Exercise goal: Using the records below, give again exactly the lines from the line that contains "Barcelona Pau Cubarsi" through the line that contains "Sketch of Sutthinan", both ends included, and only those.

Material shown:
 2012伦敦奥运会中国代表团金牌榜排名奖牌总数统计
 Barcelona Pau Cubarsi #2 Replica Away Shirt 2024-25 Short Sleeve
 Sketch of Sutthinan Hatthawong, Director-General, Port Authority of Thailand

...

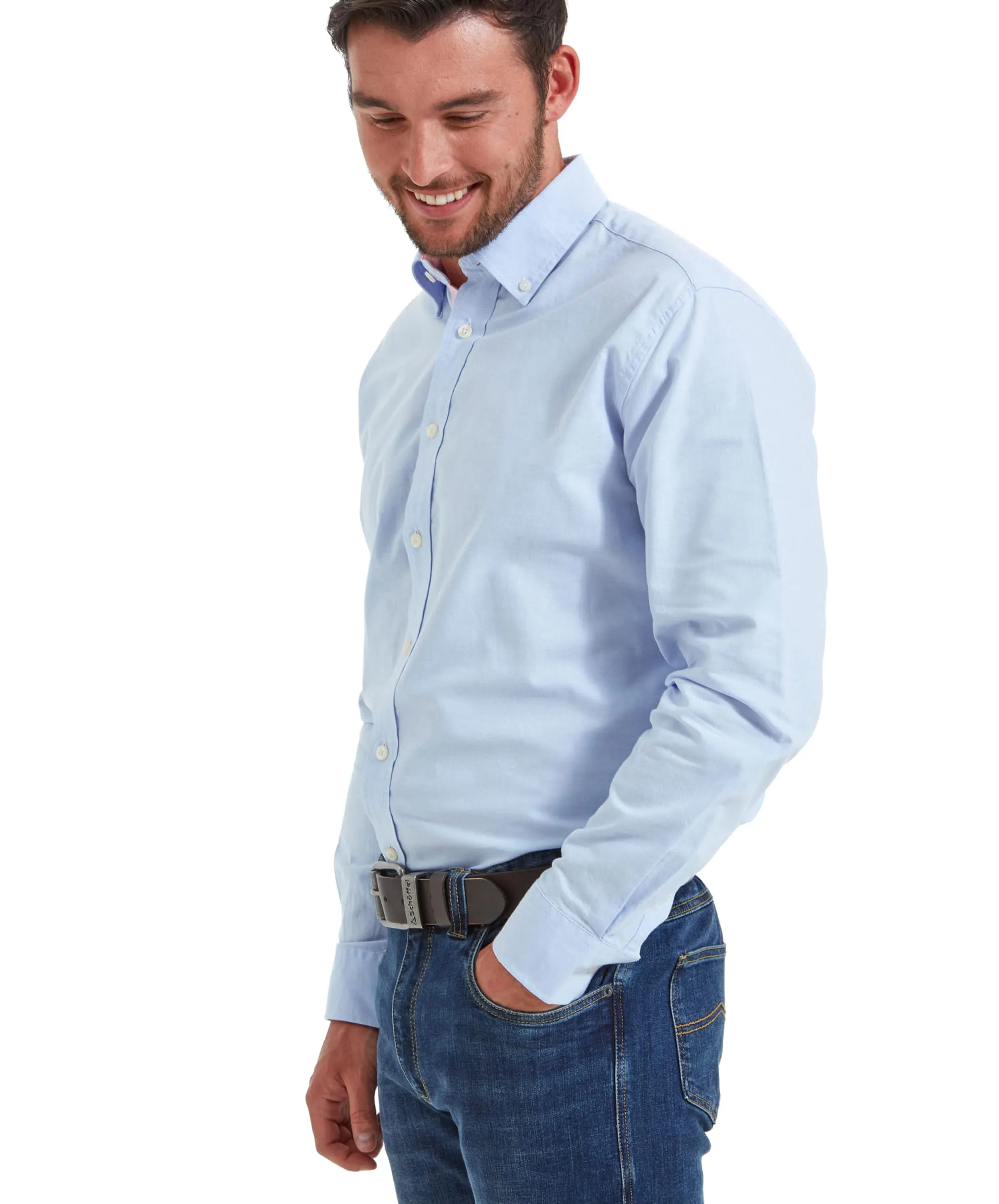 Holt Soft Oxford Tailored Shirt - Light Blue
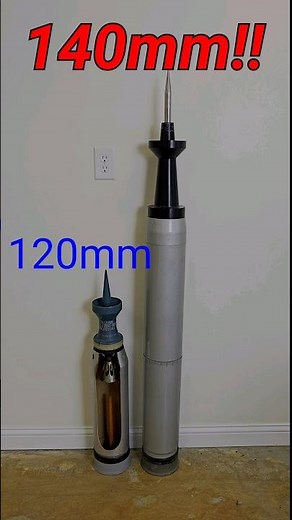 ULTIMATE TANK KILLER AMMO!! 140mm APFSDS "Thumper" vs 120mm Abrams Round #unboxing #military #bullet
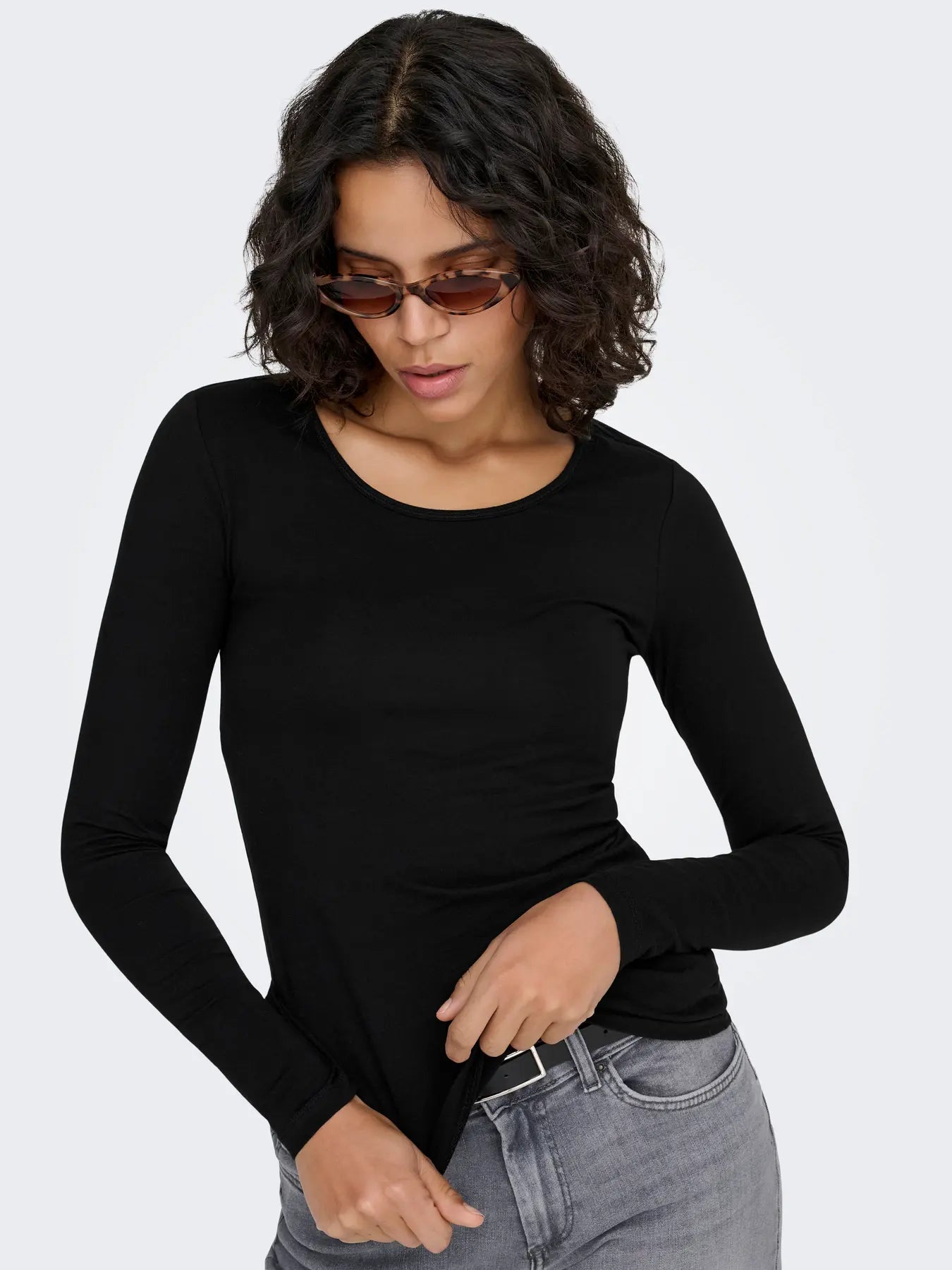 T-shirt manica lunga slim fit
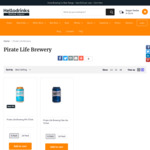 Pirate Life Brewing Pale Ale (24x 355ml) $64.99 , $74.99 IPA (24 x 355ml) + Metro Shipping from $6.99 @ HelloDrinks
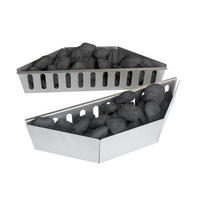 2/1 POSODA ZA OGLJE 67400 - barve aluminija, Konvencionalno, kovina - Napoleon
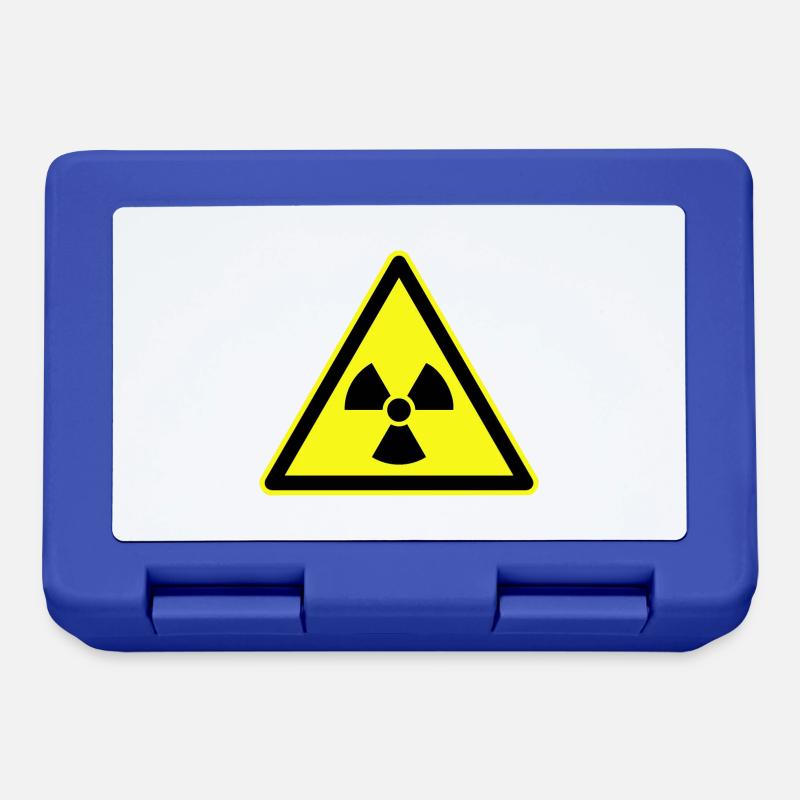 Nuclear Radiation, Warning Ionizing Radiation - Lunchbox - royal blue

Exercise output:
 Barcelona Pau Cubarsi #2 Replica Away Shirt 2024-25 Short Sleeve
 Sketch of Sutthinan Hatthawong, Director-General, Port Authority of Thailand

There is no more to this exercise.